_Records shown_.
>>>>

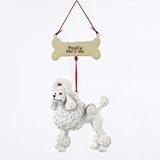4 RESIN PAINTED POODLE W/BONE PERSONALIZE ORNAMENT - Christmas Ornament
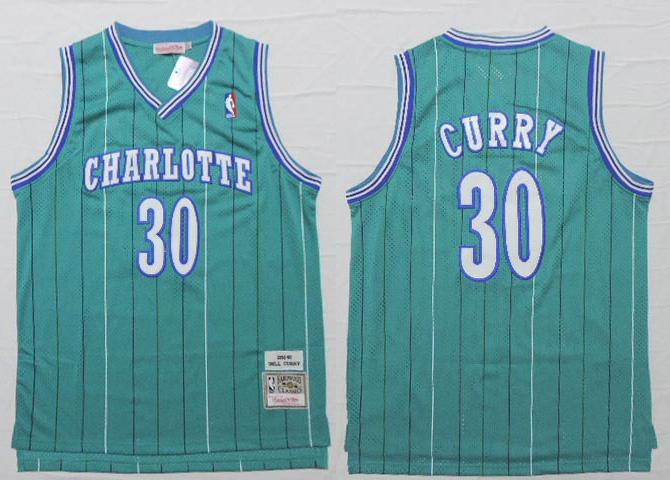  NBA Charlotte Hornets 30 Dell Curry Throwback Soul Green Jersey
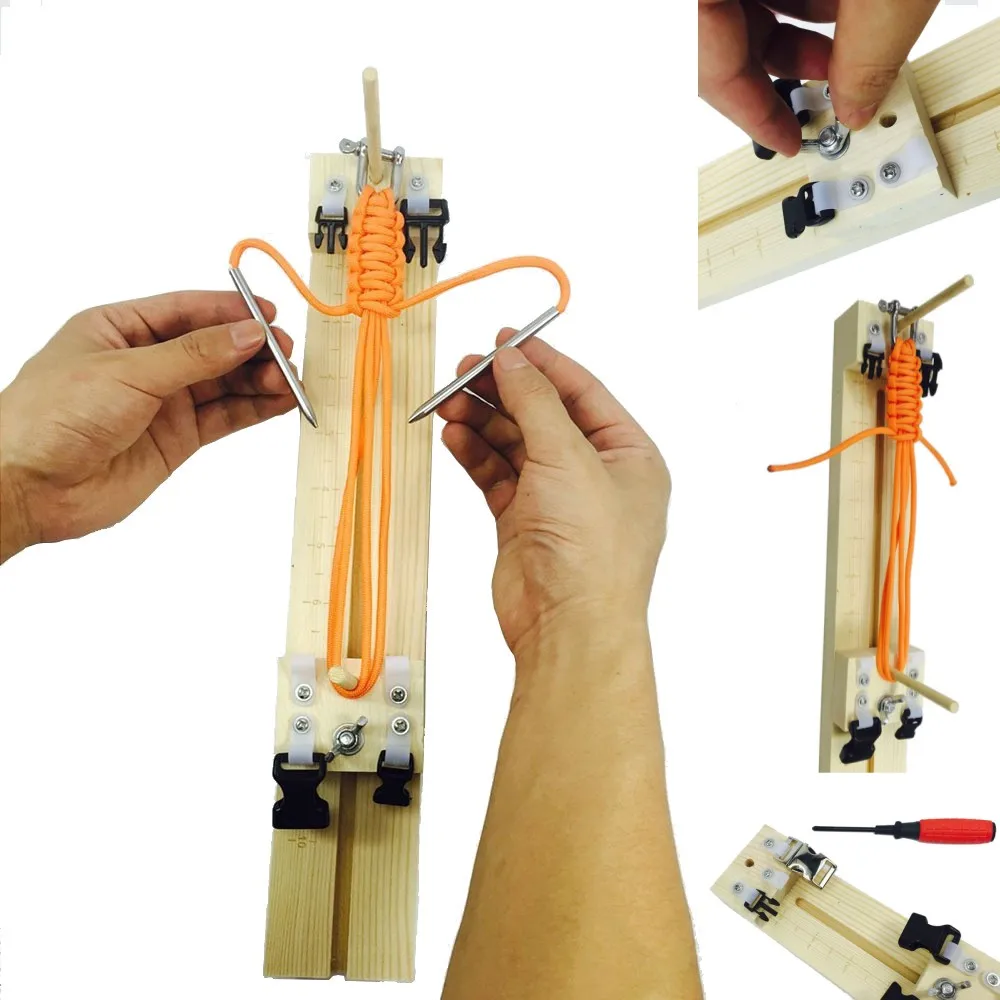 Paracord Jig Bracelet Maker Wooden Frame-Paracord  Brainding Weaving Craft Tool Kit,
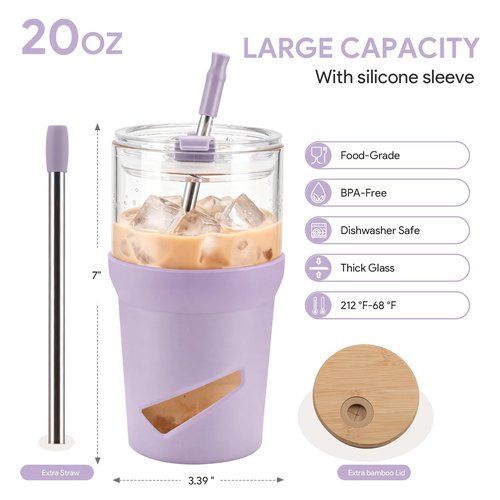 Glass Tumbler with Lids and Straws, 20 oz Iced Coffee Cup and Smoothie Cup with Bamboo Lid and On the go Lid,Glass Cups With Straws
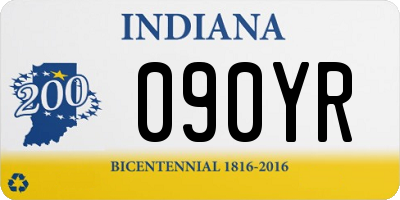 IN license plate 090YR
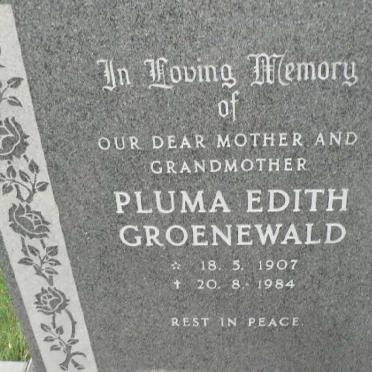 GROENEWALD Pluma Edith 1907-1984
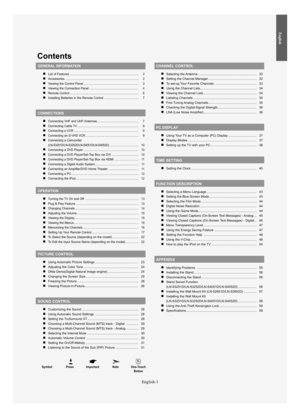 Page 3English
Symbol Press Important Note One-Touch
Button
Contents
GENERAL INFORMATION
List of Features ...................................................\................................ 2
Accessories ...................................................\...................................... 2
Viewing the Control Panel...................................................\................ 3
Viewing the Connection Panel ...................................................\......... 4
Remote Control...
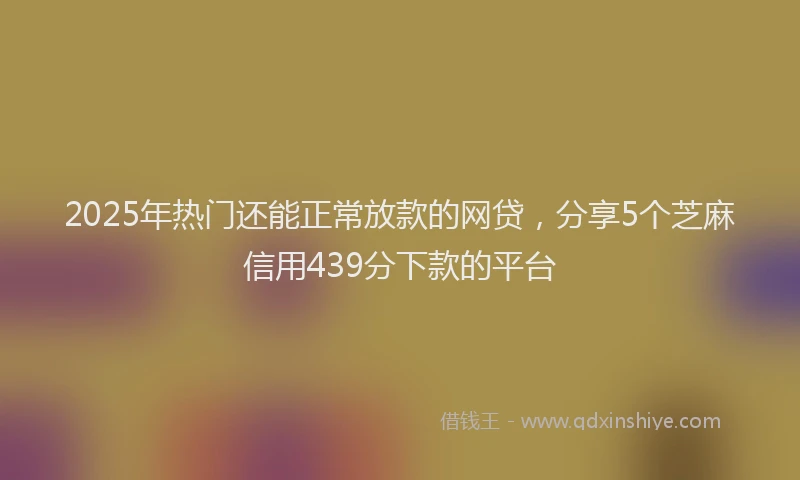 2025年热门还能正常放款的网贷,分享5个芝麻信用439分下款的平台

<<<<
>>>>

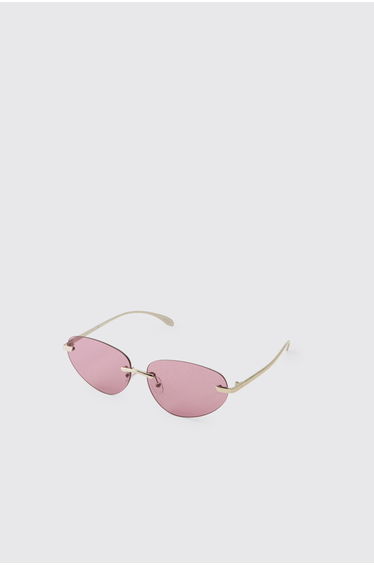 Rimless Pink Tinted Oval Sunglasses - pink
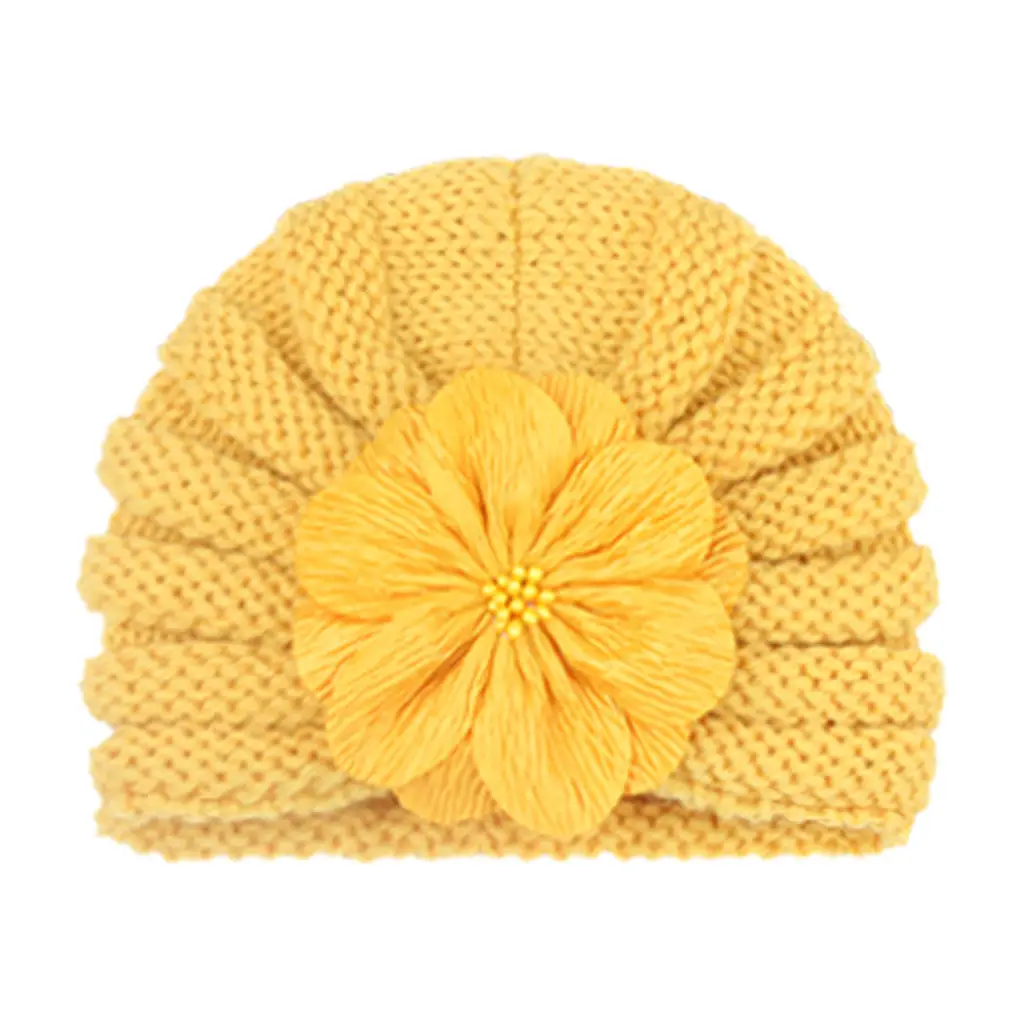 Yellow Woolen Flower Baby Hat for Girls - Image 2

<<<<

_Exercise_.
If a line in the data above holds the string "Viewing", report that line.

_Solution below_.
Viewing the Control Panel...................................................\................ 3
Viewing the Connection Panel ...................................................\......... 4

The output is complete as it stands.